An eye certification examination is done by a veterinarian specialized in Ophthalmology. The pupils of the dog are dilated with eye drops called tropicamide, or tropicamide & phenylephrine combinations, and once the pupil is well dilated the examiner will usually illuminate the eye with a penlight or transilluminator looking for major anomalies.

Then the eye is examined in detail with a slit lamp biomicroscope. This detects even minute abnormalities in the cornea, anterior chamber, lens and vitreous. The types of abnormalities that may be noticed during this part of the exam include distichia, imperforate puncta, corneal dystrophy, persistent pupillary membranes, cataract, persistent hyaloid remnants and vitreal degenerations.

Finally the retina or fundus is examined with an ophthalmoscope - usually a indirect ophthalmoscope - which provides the examiner with a clear view of all parts of the retina. The indirect ophthalmoscope is a device which sits on the examiners head providing optics and a light source, and a focusing lens is held in the examiners hand to visualize the retina. This part of the examination may reveal such problems as Progressive Retinal Atrophy (PRA), Retinal Dysplasia, colobomas, choroidal hypoplasia, optic nerve hypoplasia, retinal detachment, and certain vascular abnormalities.

A CERF examination is a typical eye screening examination as described above but is only done by veterinary ophthalmologists who are board certified by the American College of Veterinary Ophthalmologists who then records his or her observations on a CERF (Canine Eye Registry Foundation) form. In other countries, veterinary ophthalmologists who are board certified in their own country will examine the eyes for breeding soundness, and will issue a certificate following the examination but this will not be a CERF form.

The dogs which should have eye certification examinations include all dogs in an active breeding program if any recognized heritable eye disorder is known to be present in the breed. Puppies should be examined before being sold if the breed is known to have any heritable eye disorder which is early onset and may be recognized at an early age.

Will there every be a truly international eye certification scheme?
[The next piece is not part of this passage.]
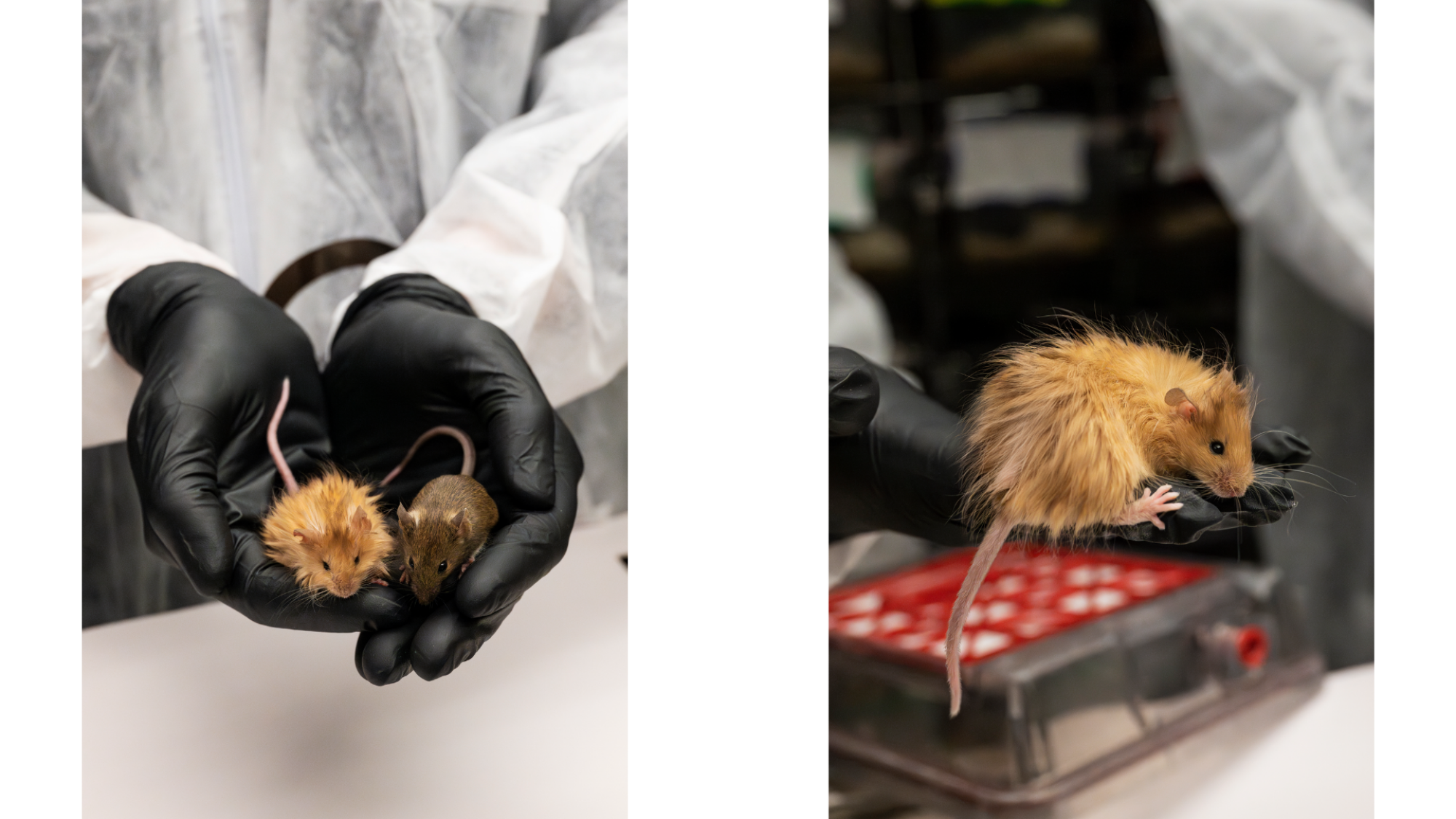 Two portrait images. On the left is a Colossal Woolly Mouse and a normal mouse being held in someone's gloved hands. On the right is a Colossal Woolly Mouse on someone's gloved hand.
Unfortunately, this is highly unlikely. CERF operates a closed registry, and will provide general statistics on eye diseases within a particular breed. Information on a particular animal or family is not available, as certain breeders would view release of such data as a violation of confidential information, and in the Litigious States of America, the lawsuits would quickly ensue. European veterinary ophthalmologists support an open registry concept, and should an international open registry ever be created, it would not have the support of American ophthalmologists. In addition, CERF will only accept data from American board certified ophthalmologists (ACVO diplomates), and this will never change, the reasons dating back to a particularly grievous lawsuit back in the '70's. The unfortunate spin-off of this is the fact that the data CERF collects is predominately American based, and does not reflect international variation in the patterns of genetic eye diseases.

At the recent meeting of the International Society of Veterinary Ophthalmology, a genetics committee was established. Hopefully, this committee will augment the data produced by CERF by adding an international perspective to the various conditions seen around the globe.

Breed clubs, particularly in the United States and Canada, should be aware that there are many talented veterinary ophthalmologists around the world who do not submit forms to CERF since their credential are not American. It is admirable if a breed club specifies that animals must have had an eye screening examination in order to register with the breed club. However, given the dramatic rise in international transport of breeding animals and frozen semen, a breed club that specifies that a CERF number is required for registry, is lacking international perspective and foresight on the issue.